Freitag, 14. Januar 2011

Verkehrsmittel

Aus dem Schattenreich
Kommentar

Das oft stundenlang fortgesetzte Kreuzundquergehen in der Stadt in der Stadt hatte dergestalt die eindeutigste Eingrenzung, ohne daß es mir klargeworden wäre, was das eigentlich Unbegreifliche in meinem damaligen Verhalten gewesen ist, das ständige Gehen oder die Unfähigkeit, die unsichtbaren und, wie ich auch jetzt noch annehmen muß, völlig willkürlichen Grenzlinien zu überschreiten.
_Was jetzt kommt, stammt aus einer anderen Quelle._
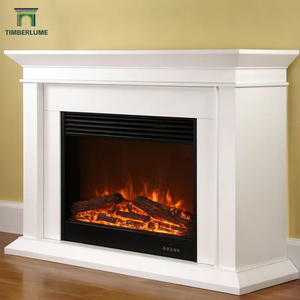 Cheminée en <span class=keywords><strong>bois</strong></span> blanc Hampton moderne, style américain, avec manteau de cheminée autoportant pour <span class=keywords><strong>insert</strong></span> de cheminée électrique - Product Image 6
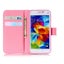 Galaxy S5 MINI case wallet leather case printed Carousel 3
Ich weiß nur, daß es mir sogar ein Ding der Unmöglichkeit gewesen ist, in eines der öffentlichen Verkehrsmittel zu steigen und beispielsweise mit dem 41er Wagen oder mit dem 58er Wagen hinauszufahren, um, wie ich es früher nicht selten getan habe, in einem der außerhalb gelegenen Parks spazierenzugehen. Seltsamerweise korrespondierte der auf einer imaginären Ordnung beruhenden Eingrenzung meiner Bewegungsfreiheit eine völlige Freiheit, ja Hemmungslosigkeit in der Ausgestaltung flüchtigster Blicke. Im vorübereilenden 58er Wagen etwa saß in einem Winkel, die Wange an der Scheibe, den linken Arm die Lehne entlanggestreckt, ein junger Mann in offenem, um ihn sich aufbauschendem Überzieher und sah über die lange leere Bank mit beobachtenden Blicken hin. Er hatte sich heute verlobt und dachte an nichts anderes. Er fühlte sich gut aufgehoben im Zustand eines Bräutigams und sah in diesem Gefühl manchmal flüchtig zur Decke des Wagens hinauf. Als der Schaffner kam, um ihm die Fahrkarte zu geben, fand er unter Klimpern leicht das richtige Geldstück, legte es im Schwunge in die Hand des Schaffners und ergriff die Karte mit zwei scherenförmig ausgebreiteten Fingern. Es bestand kein richtiger Zusammenhang zwischen ihm und der Elektrischen und es wäre kein Wunder gewesen, wenn er, ohne Plattform und Treppe zu benützen, auf der Gasse erschienen und seinen Weg zu Fuß mit gleichen Blicken verfolgt hätte. Nur der sich aufbauschende Überzieher bleibt bestehn, alles andere ist erdacht.